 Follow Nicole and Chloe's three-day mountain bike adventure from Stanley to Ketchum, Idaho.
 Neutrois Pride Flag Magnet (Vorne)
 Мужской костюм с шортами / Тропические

==

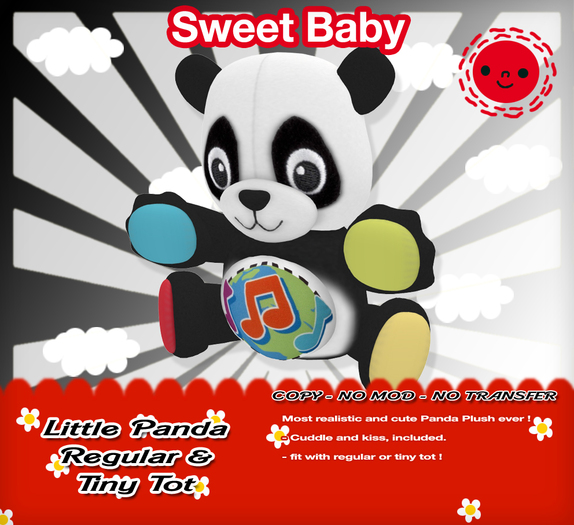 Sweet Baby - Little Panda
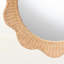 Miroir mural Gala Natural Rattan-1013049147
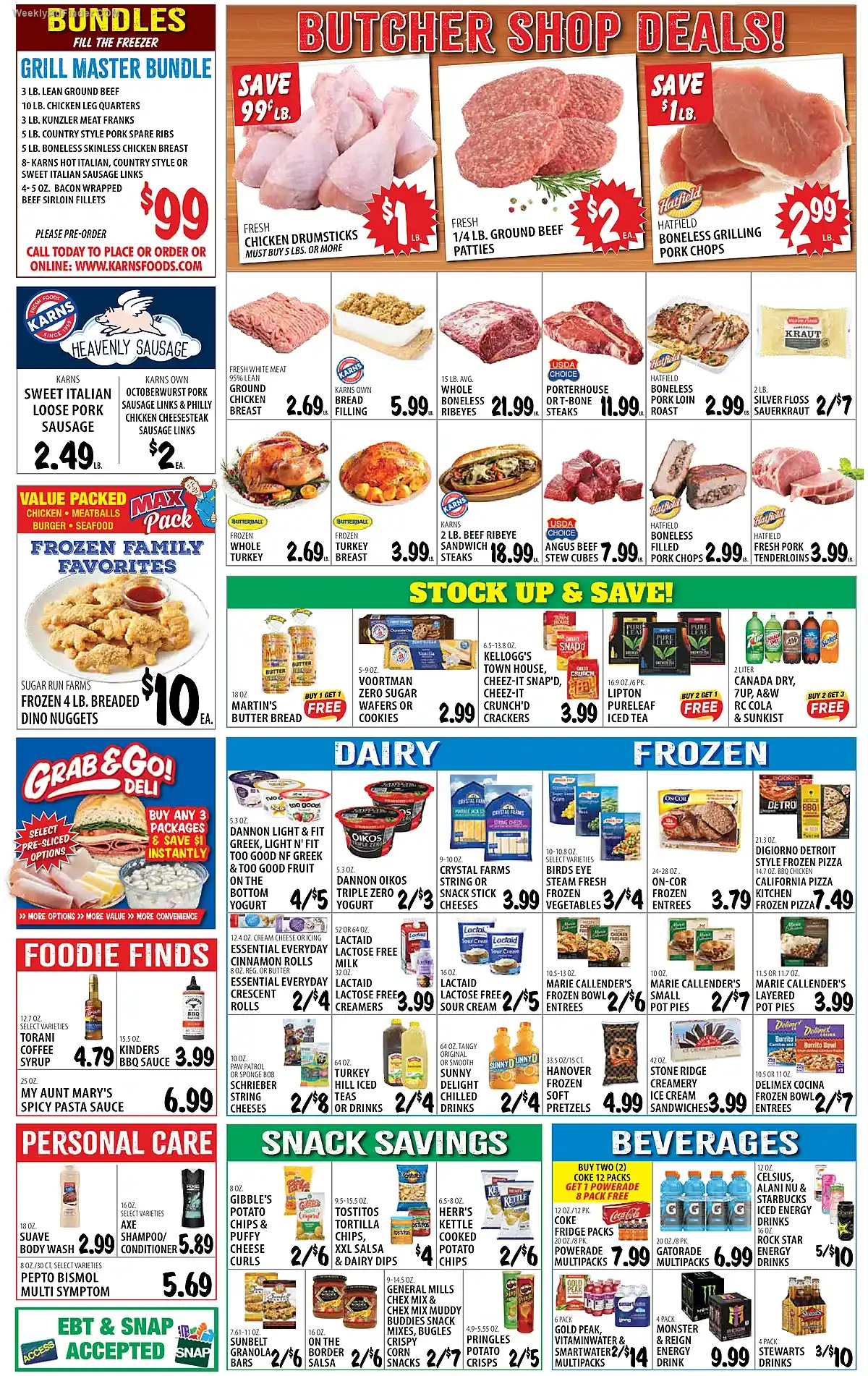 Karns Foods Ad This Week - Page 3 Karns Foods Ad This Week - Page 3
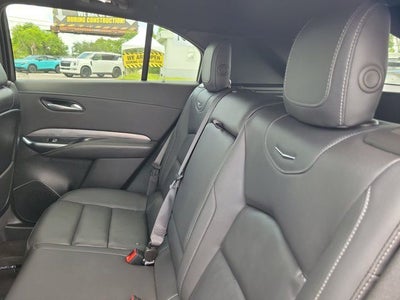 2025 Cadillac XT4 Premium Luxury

**What you need to do**
All lines above from the one with "Follow Nicole and" to the one with "Мужской костюм с шортами / Тропические", inclusive, should be copied exactly, and no other lines.

**Exercise result**
 Follow Nicole and Chloe's three-day mountain bike adventure from Stanley to Ketchum, Idaho.
 Neutrois Pride Flag Magnet (Vorne)
 Мужской костюм с шортами / Тропические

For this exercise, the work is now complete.